--- Recorded data ---

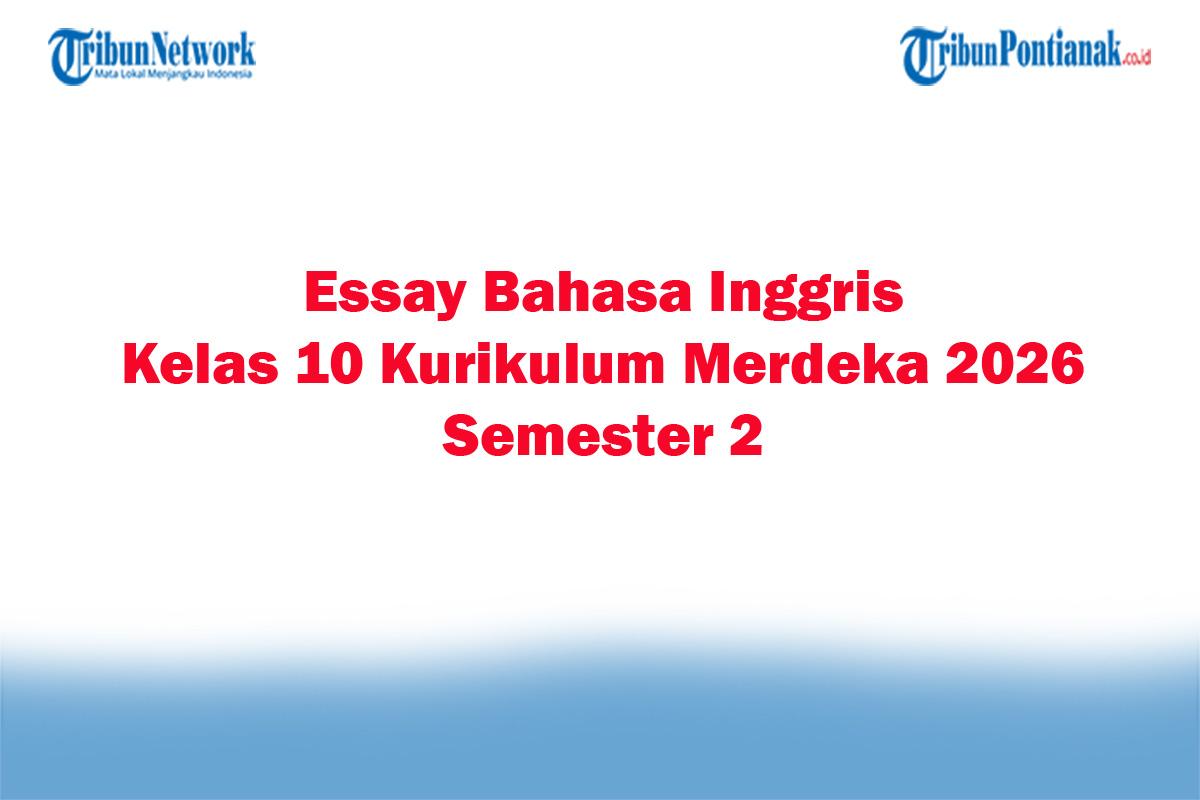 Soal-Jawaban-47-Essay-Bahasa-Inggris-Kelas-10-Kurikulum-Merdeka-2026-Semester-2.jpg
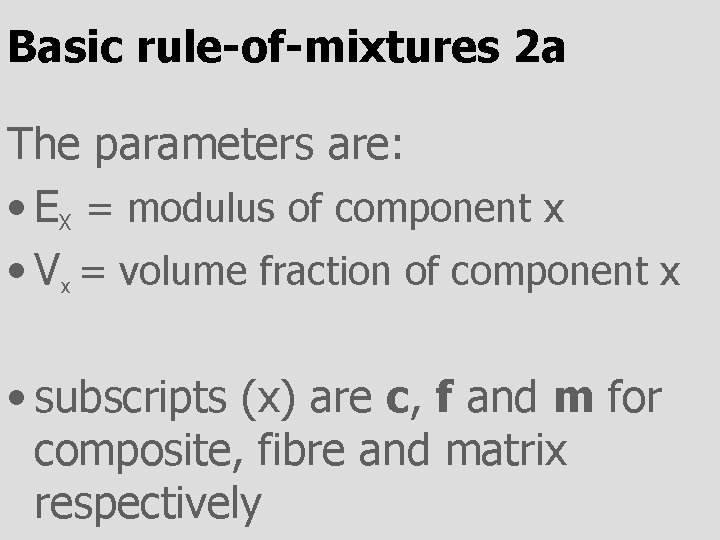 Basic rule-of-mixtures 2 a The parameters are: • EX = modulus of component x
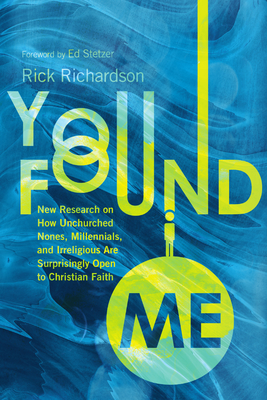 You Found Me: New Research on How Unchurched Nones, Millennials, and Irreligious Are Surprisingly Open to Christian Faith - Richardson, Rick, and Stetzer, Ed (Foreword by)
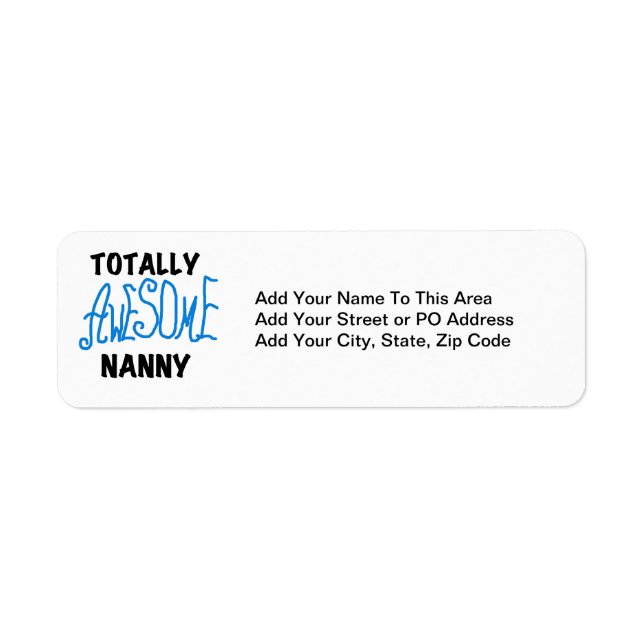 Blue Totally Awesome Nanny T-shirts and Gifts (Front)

---

● Requirement
Only the lines from the one containing "Basic rule-of-mixtures 2" to the end of the listing belong in the answer, exactly as they stand and with no pictures.

● Exercise answer
 Basic rule-of-mixtures 2 a The parameters are: • EX = modulus of component x
 You Found Me: New Research on How Unchurched Nones, Millennials, and Irreligious Are Surprisingly Open to Christian Faith - Richardson, Rick, and Stetzer, Ed (Foreword by)
 Blue Totally Awesome Nanny T-shirts and Gifts (Front)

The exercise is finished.